After having devoted the first article of this series to present what Mid-Eastern Christian chroniclers contemporary of the Arab invasions wrote, it would be natural to expect that this second instalment would include the same about Arab chroniclers. The sad fact is those chronicles simply didn’t exist, at least as written works. The first Muslim historians wrote more than one century after Muhammad’s life, and even the books of those have not directly arrived to us, but only in quotes and mentions made by authors from at least many decades well into the second century of the Islamic Era. The Qur’an itself is the only Arabic literary source dating from the 7th century CE, and we will examine some of the philological research about it in our next article.
Hence, the truth is that all knowledge about the first century of Islam from ‘Islamic’ sources depends on the oral tradition. The first Arab historians made an art of the certification of the isnads, the chains of transmitters that supposedly were passing the hadith (a saying or a deed of the Prophet or of someone related to him), but obviously there was no absolutely reliable means by then of carrying out that certification without error, and, furthermore, occasion for corrupting or even inventing hadiths and isnads alike would abound in a time (more than one century) when the Islamic orthodoxy, institutions and nuclei of power were just taking shape. It is told that Bukhari, one of the first hadith collectors in the 9th century CE compiled about 300.000 such stories, of which he chose to publish only about 7.500 as valuable, but with only around one third that he himself considered “authentic”; so, less than one out of thousand.

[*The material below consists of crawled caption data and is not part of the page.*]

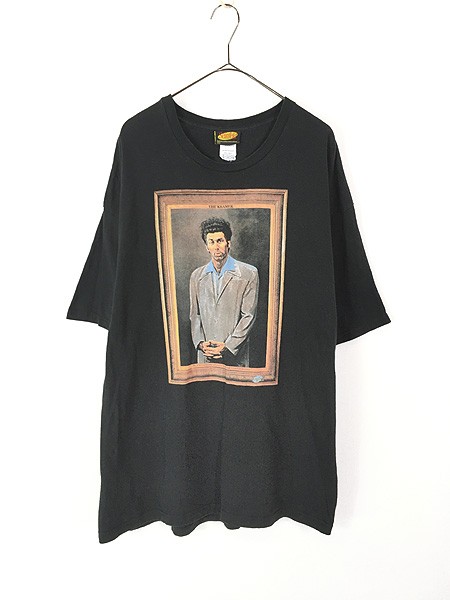 古着 Seinfeld The Kramer フォト フレーム TV ドラマ Tシャツ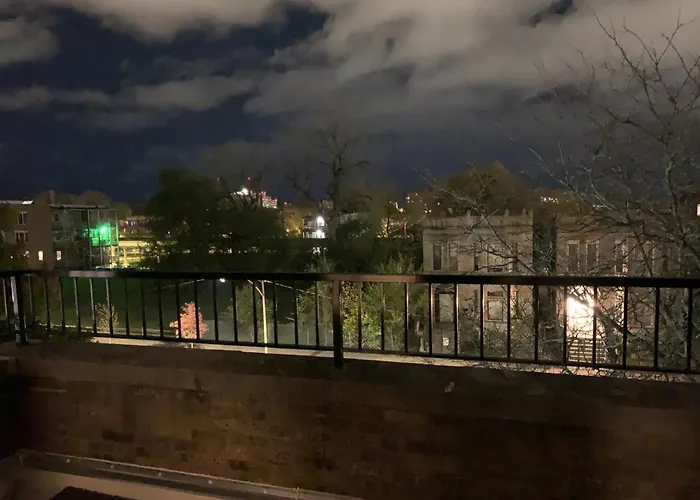 Entire With Private Balcony *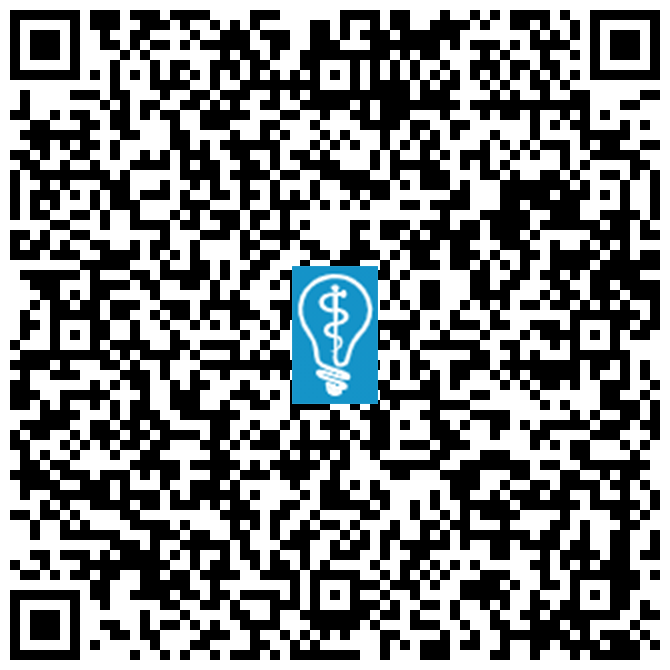 QR code image for What to Expect When Getting Dentures in Miami, FL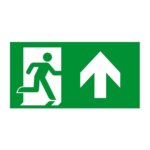 Sticker | A805 | Pictogram pijl omhoog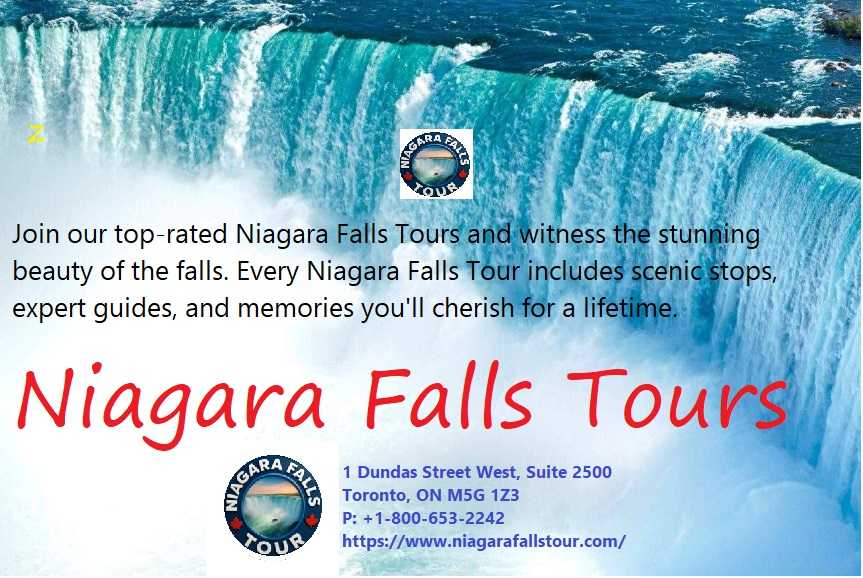 Niagara Falls Tours: A Journey Into Nature's Spectacle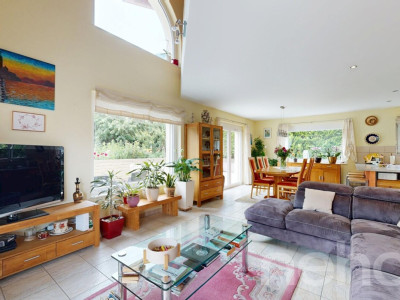Villa individuelle de 5.5 avec parcelle constructible de 1200 m² image 4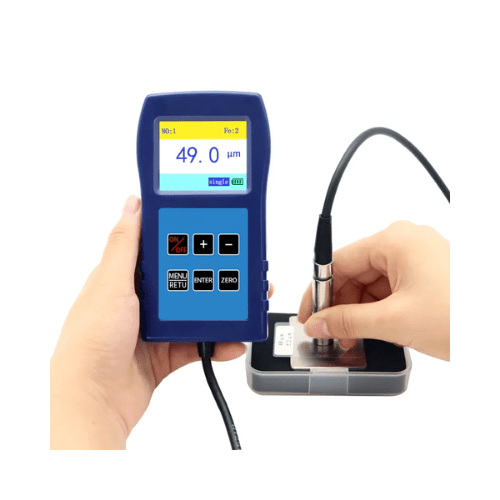 Acoustic Testing Pro Portable Ultrasonic Gauge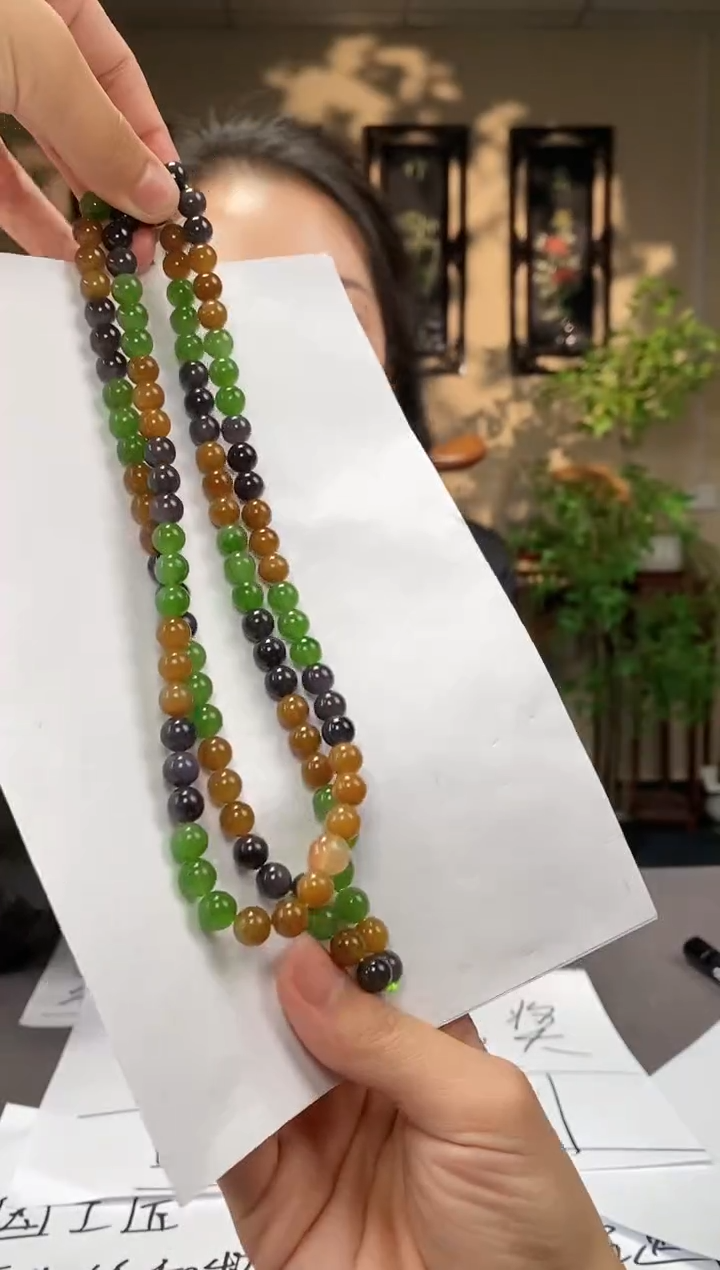 【闪购商品】和田玉颈饰未镶嵌C537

There is one particularly compelling argument (Jansen, 2008) 3 that serves to shed doubt on the credibility of most of the hadiths. It is the fact that in the first biography (Sira) of Muhammad, written by Ibn Ishaq in mid 8th century CE, dates are meticulously recorded. This fact apparently gave a high credibility to Ibn Ishaq’s narration, both under the eyes of subsequent Islamic historiographers and from the point of view of Western scholars. But there is a deep problem with Ibn Ishaq’s dates. The Islamic lunar calendar substituted a pre-Islamic Arabian, also lunar one, by 629 CE (still in Muhammad’s life), the main difference between both is that the pre-Islamic calendar included a ‘leap month’ every three years to keep the pace of the solar calendar (for twelve lunar months add only up to 354 days). Muhammad forbade the practice of including leap months, and hence the Islamic official calendar has a year which is about 11 days shorter than the solar year, which means that 34 Islamic years are equivalent to about 33 –Julian or Gregorian–solar years. But curiously, not a single event previous to 629 CE narrated by Ibn Ishaq takes place during a leap month! According to Jansen, the most sensible explanation of this is that the hadiths containing those events were invented in a time when people had just forgotten that leap months had existed at all.